◆ **DATA**:
□ □ □ □ □

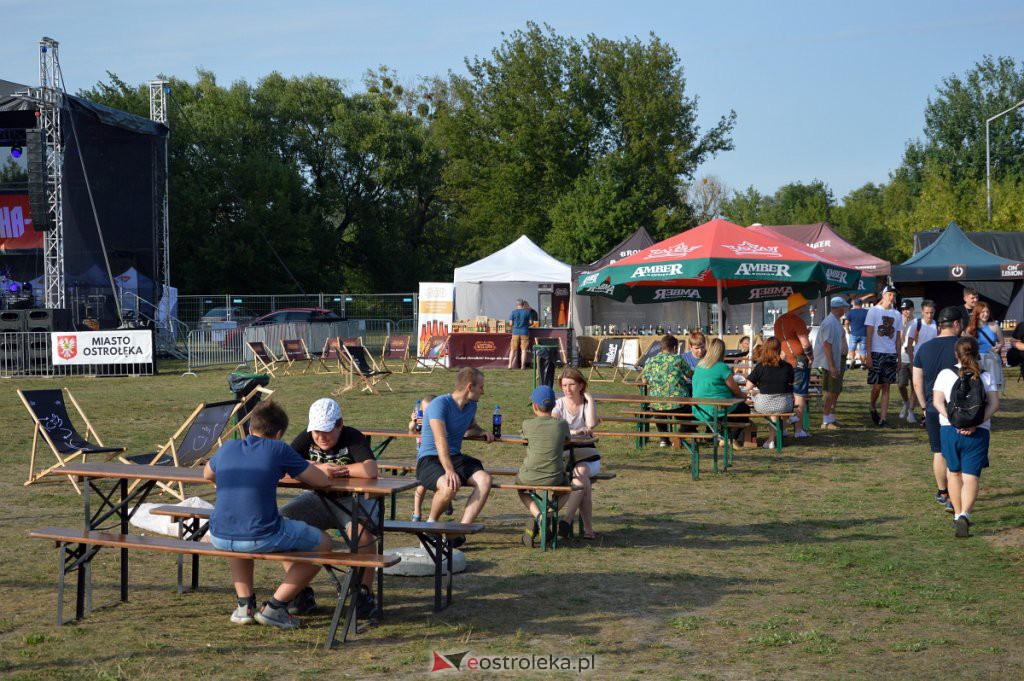III Festiwal Smaków Food Trucków w Ostrołęce [19.08.2022] - zdjęcie #18 - eOstroleka.pl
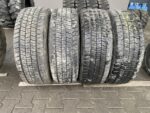 Opony ciężarowe  245/70R17.5 GOODYEAR REGIONAL RHD II / 12-13mm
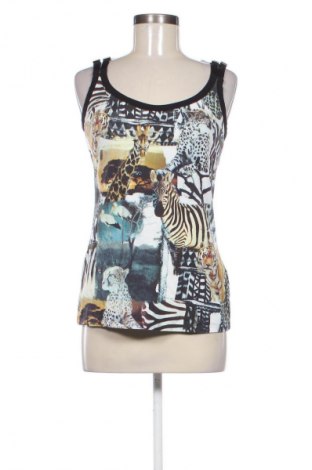 Damski top Marc Cain, Rozmiar L, Kolor Kolorowy, Cena 238,20 zł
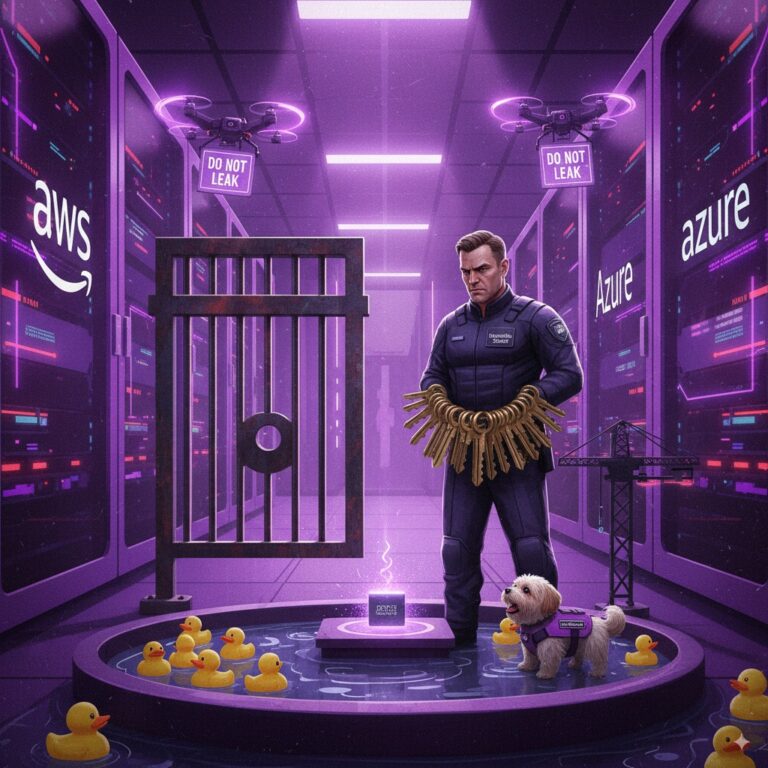 Featured image for databricks predstavlyaet unifitsirovannyj podhod k zashhite ot utechki dannyh v oblachnyh sredah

□ □ □ □ □

With the pictures omitted, reproduce the data above exactly.

III Festiwal Smaków Food Trucków w Ostrołęce [19.08.2022] - zdjęcie #18 - eOstroleka.pl
 Opony ciężarowe  245/70R17.5 GOODYEAR REGIONAL RHD II / 12-13mm
 Damski top Marc Cain, Rozmiar L, Kolor Kolorowy, Cena 238,20 zł
 Featured image for databricks predstavlyaet unifitsirovannyj podhod k zashhite ot utechki dannyh v oblachnyh sredah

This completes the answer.